Although I agree with you, there exists a group of Brothers who claim that another lodge was operating in the "capacity" of a GL a few years before the PGL, issuing charters and such.  This eventually led to the war between the Antient and Modern GLs.  As much as I share facts, they hang on to the illusion.  The PGL was the one that actually got the ball rolling and did so successfully enough for us to have this discussion.


----------



## coachn (Oct 12, 2015)

JamestheJust said:


> So would you like to explain how a 5 year old lodge is time immemorial?


Love to!  The same way "the constitutions of free & accepted masons" and all the other "lore" are explained: It was all fabricated to appear old.


----------



## coachn (Oct 12, 2015)

JamestheJust said:


> The new Grand Lodge just rewrote Masonic history to justify its own existence.


Well, you have to first clearly and cleanly define what you mean by the word "Masonic" before you go down that path.  The PGL was  theatrical society that used the lexicon and façade of Masonry to create "Freemasonry (a word that did not exist until the PGL and all its lore were created)".  (And even in it's beginning, it was just a group of guys wanting to get together to talk, eat, sing and drink.
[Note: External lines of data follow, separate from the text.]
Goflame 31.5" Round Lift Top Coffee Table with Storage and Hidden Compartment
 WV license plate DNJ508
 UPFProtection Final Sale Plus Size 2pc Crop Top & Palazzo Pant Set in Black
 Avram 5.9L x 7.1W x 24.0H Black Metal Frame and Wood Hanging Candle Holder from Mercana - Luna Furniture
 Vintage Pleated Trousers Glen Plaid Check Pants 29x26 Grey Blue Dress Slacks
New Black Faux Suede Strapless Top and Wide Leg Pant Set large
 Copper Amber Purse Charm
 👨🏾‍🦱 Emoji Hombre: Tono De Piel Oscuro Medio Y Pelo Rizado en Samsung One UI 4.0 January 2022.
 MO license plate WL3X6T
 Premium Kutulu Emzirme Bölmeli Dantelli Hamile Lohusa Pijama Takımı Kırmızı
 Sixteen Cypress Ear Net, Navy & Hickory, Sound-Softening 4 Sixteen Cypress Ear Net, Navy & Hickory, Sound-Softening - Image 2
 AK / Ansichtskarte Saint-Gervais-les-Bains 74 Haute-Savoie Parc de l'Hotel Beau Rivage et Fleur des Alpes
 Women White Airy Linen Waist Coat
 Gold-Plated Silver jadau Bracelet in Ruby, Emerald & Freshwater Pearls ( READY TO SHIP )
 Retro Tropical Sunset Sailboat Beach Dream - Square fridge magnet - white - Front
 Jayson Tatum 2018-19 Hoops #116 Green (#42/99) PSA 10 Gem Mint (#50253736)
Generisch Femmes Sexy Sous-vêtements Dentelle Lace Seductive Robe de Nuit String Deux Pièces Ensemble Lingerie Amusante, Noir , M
The theater was only something that was inserted for entertainment purposes.)

Brother Mackay said it very well:

_“How is the history of Freemasonry to be written, so that the narrative shall win the respect of its enemies , and secure the assent and approbation of its friends? In the first place, we must begin by a strict definition of the word Masonry. If we make it synonymous with Freemasonry, then must we confine ourselves closely to the events that are connected with the Institution in its present form and organization. …
“… No greater honor could accrue to any man than that of having been the founder of a new school of Masonic history, in which the fictions and loose statements of former writers would be rejected, and in which the rule would be adopted that has been laid down as a vital maxim of all inductive science, — in words that have been chosen as his motto by a recent powerful investigator of historical truth: 
'Not to exceed and not to fall short of facts — not to add and not to take away. To state the truth, the whole truth, and nothing but the truth.'" 
– Bro. Albert C. Mackey 33° (History of Freemasonry; Encyclopedia of Freemasonry, 1917 edition)\_​Even in his time it was clear that the nonsense parading as Masonic Lore was nothing more than fanciful fantasies fabricated for the enjoyment of the membership.  Historians from day one have dismissed the scripts and literature as fabrications.  Yet, because so many people join wanting to believe that it is more than entertainment, they would rather embrace the fantasy rather than the reality behind the curtain.

So, your statement is incorrect.  They didn't rewrite Masonic History in any way, shape or form!  They fabricate Freemasonic History and called it "Masonic!"


----------



## Mike Martin (Oct 12, 2015)

JamestheJust said:


> So would you like to explain how a 5 year old lodge is time immemorial?



There are a couple of difficulties with your question that once addressed should help you find your own answer to the conundrum.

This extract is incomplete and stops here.